Task objective:
Report each line of the data that has "Image" somewhere in it.

Extracted information:

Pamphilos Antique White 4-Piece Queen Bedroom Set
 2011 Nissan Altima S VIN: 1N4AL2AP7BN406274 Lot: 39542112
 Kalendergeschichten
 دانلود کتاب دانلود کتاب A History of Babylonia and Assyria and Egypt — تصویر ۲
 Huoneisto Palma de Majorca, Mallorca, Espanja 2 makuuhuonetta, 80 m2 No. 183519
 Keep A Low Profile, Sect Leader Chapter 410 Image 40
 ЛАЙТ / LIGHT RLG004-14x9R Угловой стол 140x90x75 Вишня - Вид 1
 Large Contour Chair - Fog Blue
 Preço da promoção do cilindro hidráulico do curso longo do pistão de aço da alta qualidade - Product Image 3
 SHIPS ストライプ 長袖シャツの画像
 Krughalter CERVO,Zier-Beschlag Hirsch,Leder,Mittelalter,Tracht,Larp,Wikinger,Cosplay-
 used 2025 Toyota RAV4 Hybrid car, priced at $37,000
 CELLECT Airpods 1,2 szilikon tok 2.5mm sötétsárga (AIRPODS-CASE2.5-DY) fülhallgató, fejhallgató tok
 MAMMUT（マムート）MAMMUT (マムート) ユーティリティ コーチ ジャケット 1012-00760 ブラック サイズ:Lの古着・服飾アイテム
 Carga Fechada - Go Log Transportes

Result of the exercise:
 Keep A Low Profile, Sect Leader Chapter 410 Image 40
 Preço da promoção do cilindro hidráulico do curso longo do pistão de aço da alta qualidade - Product Image 3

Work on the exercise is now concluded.